Clifton Webb achieved stardom with his role of Mr. Belvedere, a snide know-it-all babysitter with a mysterious past, in the 1948 comedy film “Sitting Pretty”, based on the 1947 novel “Belvedere” by Gwen Davenport. This role became so popular that it was followed with two sequels: the 1949 box office success “Mr. Belvedere Goes to College” and the 1951 “Mr. Belvedere Rings the Bell”.  In 1950, Webb and actress Myrna Loy played the roles of efficiency experts Frank and Lillian Gilbreth, the parents of twelve children, in the film “Cheaper by the Dozen” which made Webb one of the biggest stars in the United States. 

In addition to these comedic films, Webb played more serious character roles for 20th Century Fox. He starred in the 1952 Technicolor film biography of bandmaster John Phillip Sousa entitled “Stars and Stripes Forever”. Webb’s most dramatic role was the brave but doomed husband of Barbara Stanwyck’s Julia Sturges in the 1953 “Titanic”, the winner of the 1954 Academy Award for Best Original Screenplay. The following year, he appeared as the novelist John Frederick Shadwell in the romance film “Three Coins in the Fountain”. Webb appeared in the 1956 British war film “The Man Who Never Was”, based on the Allied invasion of Sicily in World War II, and as a sarcastic but self-sacrificing Catholic priest in the 1962 “Satan Never Sleeps”, his final film role. 

Clifton Webb was one of the few gay actors to appear in decidedly heterosexual character roles, most notably the devoted husband who fathered twelve children in “Cheaper by the Dozen”. Obsessively proper, correct and well-mannered, he lived his bachelor life as close to being openly gay as any leading actor in Hollywood could be. Although he lived with his mother until her death in 1960, Webb threw lavish parties and enjoyed the company of young men who gathered poolside at his pink stucco house in Beverly Hills. His friends included many member of the gay circles in the film industry: Noël Coward, Cole Porter, actor Monty Woolley, director George Cukor, stage and costume designer Oliver Messel, film director Irving Rapper, actors William Hanes and Jimmie Shields, among others.
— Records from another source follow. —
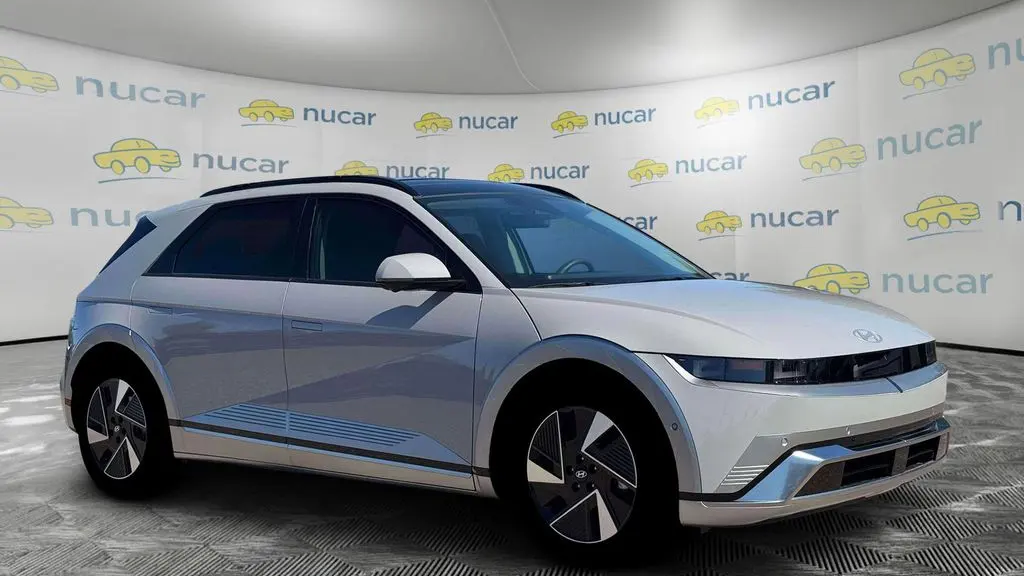 2026 Hyundai IONIQ 5 Limited
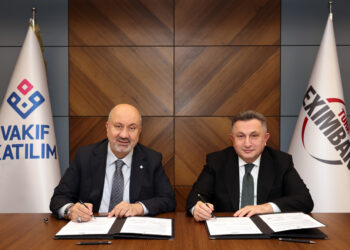 Türk Eximbank Katılım Esaslı Alacak Sigortası artık Vakıf Katılım’da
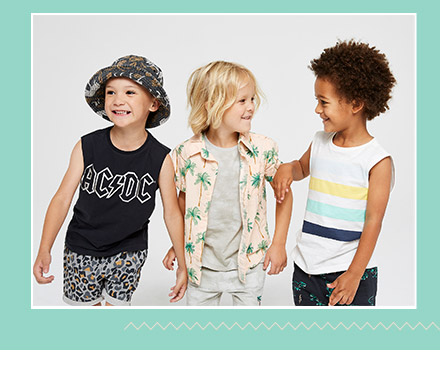 Boys Tops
Due to health issues, Webb spent the last five years of his life as a recluse at his home in Beverly Hills. He suffered a fatal heart attack, at the age of seventy-six, at his home on the 13th of October in 1966. He is interred in a crypt in the Abbey of the Psalms at Hollywood Forever Cemetery, alongside his mother. For his contributions to the motion picture industry, Webb was honored with a star on the Hollywood Walk of Fame located at 6850 Hollywood Boulevard. An archive of his papers, including typed manuscripts, notes, correspondences, financial records and Webb’s last will and testament, is housed at the Margaret Herrick Library of the Academy of Motion Pictures and Sciences.

Note: Clifton Webb’s portrayal of the character Mr. Lynn Belvedere was the model for the “Mr. Peabody” character in the animated cartoon series “Rocky and Bullwinkle and Friends”, which ran from November of 1959 to June of 1964.